Since MSA has set a uniform standard for optical modules, the optical module manufacturers follow MSA standards for development and production when designing their systems to ensure interoperability and interchangeability between optical modules provided by different companies. The following discusses the importance of MSA standards for optical modules from three aspects.
The MSA standard provides a variety of options for end users. There are many different brands of module suppliers, but as long as the modules are MSA-compliant, they have the same form factor and size. Various suppliers provide optical module products with the same features and dimensions, so users are not constrained by a single brand and have more choice and bargaining power. In short, as long as these optical modules comply with MSA standards and have good compatibility, customers can choose any optical module they need from any third-party supplier. Still, here it is important to note that the code of the module and the switch should be compatible.

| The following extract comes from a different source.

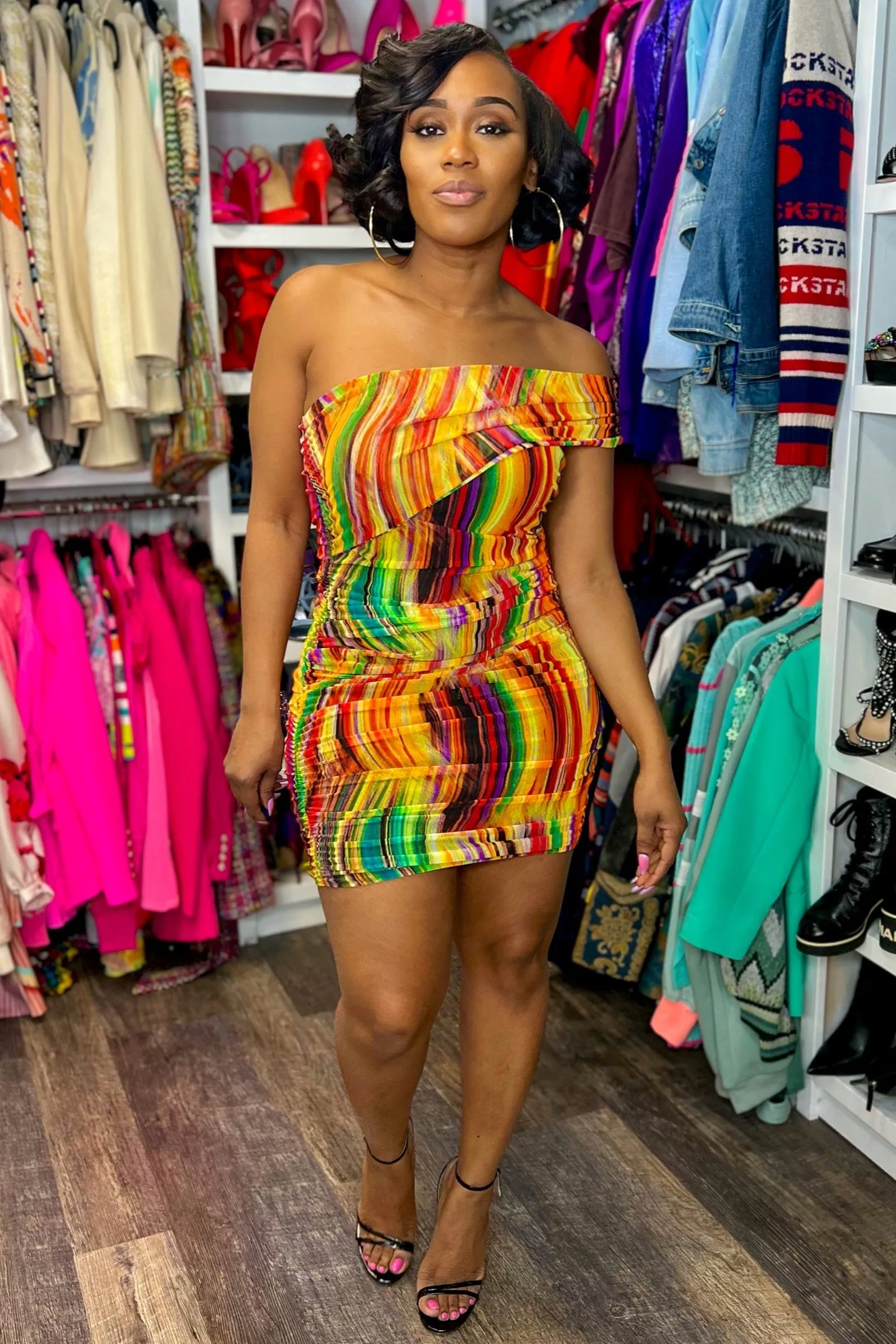MESH RUCHED MINI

For large network setups (especially data centers), the number of modules used is huge; controlling the cost of module procurement is an essential factor. In some ways, the MSA standard prevents the optical module market from being monopolized by certain mainstream manufacturers. Many suppliers using the MSA standard must compete with each other to win a share of the optical module market, a situation that helps reduce the cost of building networks for end users.
Better development of technology and products.
The result of MSA standards is to break the market’s uncontrolled growth. Under the same standard, it is more conducive to global research and development and upgrading optical module products. Reduce the waste of resources caused by different standards.